Required work:
Reproduce only the lines of the material below that start at the line containing "Ollie Black - Facebook" and stop at the line containing "Hare Coaster Set". Keep both end lines.

========

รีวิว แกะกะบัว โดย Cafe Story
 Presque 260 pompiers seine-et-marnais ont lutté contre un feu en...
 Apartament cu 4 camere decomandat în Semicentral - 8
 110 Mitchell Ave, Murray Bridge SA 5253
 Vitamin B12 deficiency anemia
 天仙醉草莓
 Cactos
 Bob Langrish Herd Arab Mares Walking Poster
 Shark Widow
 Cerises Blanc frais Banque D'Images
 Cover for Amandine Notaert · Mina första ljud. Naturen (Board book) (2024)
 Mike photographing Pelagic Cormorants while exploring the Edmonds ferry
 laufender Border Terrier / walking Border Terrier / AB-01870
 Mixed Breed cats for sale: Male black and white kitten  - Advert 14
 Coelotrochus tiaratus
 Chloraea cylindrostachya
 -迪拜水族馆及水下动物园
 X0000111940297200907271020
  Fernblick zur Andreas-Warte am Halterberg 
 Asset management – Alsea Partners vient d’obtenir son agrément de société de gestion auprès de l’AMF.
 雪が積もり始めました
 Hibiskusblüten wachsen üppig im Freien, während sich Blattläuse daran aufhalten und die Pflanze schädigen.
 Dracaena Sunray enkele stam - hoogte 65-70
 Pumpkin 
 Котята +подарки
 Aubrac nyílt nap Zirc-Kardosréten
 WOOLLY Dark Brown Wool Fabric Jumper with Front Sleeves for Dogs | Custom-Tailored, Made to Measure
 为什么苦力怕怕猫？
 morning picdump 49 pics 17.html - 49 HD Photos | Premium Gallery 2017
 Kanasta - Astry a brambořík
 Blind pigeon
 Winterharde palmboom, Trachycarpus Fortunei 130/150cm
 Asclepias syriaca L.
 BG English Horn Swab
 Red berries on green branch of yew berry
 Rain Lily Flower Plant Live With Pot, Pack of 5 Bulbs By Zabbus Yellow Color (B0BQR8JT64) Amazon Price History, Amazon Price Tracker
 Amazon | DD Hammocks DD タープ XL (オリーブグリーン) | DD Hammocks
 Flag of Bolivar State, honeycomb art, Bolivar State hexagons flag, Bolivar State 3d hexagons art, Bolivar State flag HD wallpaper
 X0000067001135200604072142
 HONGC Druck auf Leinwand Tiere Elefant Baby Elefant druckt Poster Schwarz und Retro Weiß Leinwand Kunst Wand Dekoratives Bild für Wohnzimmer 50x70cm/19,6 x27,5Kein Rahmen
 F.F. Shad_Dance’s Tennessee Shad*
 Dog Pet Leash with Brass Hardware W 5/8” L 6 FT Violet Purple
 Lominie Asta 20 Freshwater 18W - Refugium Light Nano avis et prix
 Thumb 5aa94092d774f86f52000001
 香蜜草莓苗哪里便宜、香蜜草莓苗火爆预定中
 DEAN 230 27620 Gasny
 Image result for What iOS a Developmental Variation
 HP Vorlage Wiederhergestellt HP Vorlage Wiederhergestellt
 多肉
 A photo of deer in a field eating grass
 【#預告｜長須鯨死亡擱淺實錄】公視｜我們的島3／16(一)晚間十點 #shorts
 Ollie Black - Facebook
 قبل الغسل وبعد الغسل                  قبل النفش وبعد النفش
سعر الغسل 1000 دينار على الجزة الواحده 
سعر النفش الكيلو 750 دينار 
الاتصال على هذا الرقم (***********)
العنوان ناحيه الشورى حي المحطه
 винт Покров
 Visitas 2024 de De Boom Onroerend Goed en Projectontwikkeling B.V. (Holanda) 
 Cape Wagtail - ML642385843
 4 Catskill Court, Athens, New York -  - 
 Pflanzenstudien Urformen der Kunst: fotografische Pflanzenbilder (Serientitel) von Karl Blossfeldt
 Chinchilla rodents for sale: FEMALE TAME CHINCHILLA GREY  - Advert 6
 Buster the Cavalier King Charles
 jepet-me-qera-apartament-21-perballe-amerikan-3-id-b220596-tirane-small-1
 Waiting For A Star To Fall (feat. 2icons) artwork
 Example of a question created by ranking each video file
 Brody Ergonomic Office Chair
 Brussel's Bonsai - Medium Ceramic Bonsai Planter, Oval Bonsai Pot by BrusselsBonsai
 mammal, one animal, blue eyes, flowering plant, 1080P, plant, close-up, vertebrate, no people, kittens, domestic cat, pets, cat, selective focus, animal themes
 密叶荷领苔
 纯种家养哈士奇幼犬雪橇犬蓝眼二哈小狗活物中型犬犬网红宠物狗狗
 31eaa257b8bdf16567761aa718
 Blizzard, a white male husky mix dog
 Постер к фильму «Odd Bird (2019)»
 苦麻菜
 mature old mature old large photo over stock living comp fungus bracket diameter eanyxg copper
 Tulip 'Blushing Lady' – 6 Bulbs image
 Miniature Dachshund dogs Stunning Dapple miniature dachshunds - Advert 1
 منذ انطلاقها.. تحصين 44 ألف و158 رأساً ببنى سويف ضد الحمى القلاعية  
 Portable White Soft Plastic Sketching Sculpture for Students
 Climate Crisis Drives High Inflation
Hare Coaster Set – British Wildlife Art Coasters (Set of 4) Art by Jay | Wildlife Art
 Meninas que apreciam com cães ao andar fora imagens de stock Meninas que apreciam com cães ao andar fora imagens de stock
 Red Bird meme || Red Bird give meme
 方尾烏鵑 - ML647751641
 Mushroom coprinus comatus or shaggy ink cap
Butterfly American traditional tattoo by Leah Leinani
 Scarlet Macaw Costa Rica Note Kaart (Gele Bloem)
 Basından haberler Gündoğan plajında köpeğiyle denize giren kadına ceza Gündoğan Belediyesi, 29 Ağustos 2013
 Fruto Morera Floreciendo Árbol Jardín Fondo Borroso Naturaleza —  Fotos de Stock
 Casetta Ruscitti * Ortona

========

Result of the task:
 Ollie Black - Facebook
 قبل الغسل وبعد الغسل                  قبل النفش وبعد النفش
سعر الغسل 1000 دينار على الجزة الواحده 
سعر النفش الكيلو 750 دينار 
الاتصال على هذا الرقم (***********)
العنوان ناحيه الشورى حي المحطه
 винт Покров
 Visitas 2024 de De Boom Onroerend Goed en Projectontwikkeling B.V. (Holanda) 
 Cape Wagtail - ML642385843
 4 Catskill Court, Athens, New York -  - 
 Pflanzenstudien Urformen der Kunst: fotografische Pflanzenbilder (Serientitel) von Karl Blossfeldt
 Chinchilla rodents for sale: FEMALE TAME CHINCHILLA GREY  - Advert 6
 Buster the Cavalier King Charles
 jepet-me-qera-apartament-21-perballe-amerikan-3-id-b220596-tirane-small-1
 Waiting For A Star To Fall (feat. 2icons) artwork
 Example of a question created by ranking each video file
 Brody Ergonomic Office Chair
 Brussel's Bonsai - Medium Ceramic Bonsai Planter, Oval Bonsai Pot by BrusselsBonsai
 mammal, one animal, blue eyes, flowering plant, 1080P, plant, close-up, vertebrate, no people, kittens, domestic cat, pets, cat, selective focus, animal themes
 密叶荷领苔
 纯种家养哈士奇幼犬雪橇犬蓝眼二哈小狗活物中型犬犬网红宠物狗狗
 31eaa257b8bdf16567761aa718
 Blizzard, a white male husky mix dog
 Постер к фильму «Odd Bird (2019)»
 苦麻菜
 mature old mature old large photo over stock living comp fungus bracket diameter eanyxg copper
 Tulip 'Blushing Lady' – 6 Bulbs image
 Miniature Dachshund dogs Stunning Dapple miniature dachshunds - Advert 1
 منذ انطلاقها.. تحصين 44 ألف و158 رأساً ببنى سويف ضد الحمى القلاعية  
 Portable White Soft Plastic Sketching Sculpture for Students
 Climate Crisis Drives High Inflation
Hare Coaster Set – British Wildlife Art Coasters (Set of 4) Art by Jay | Wildlife Art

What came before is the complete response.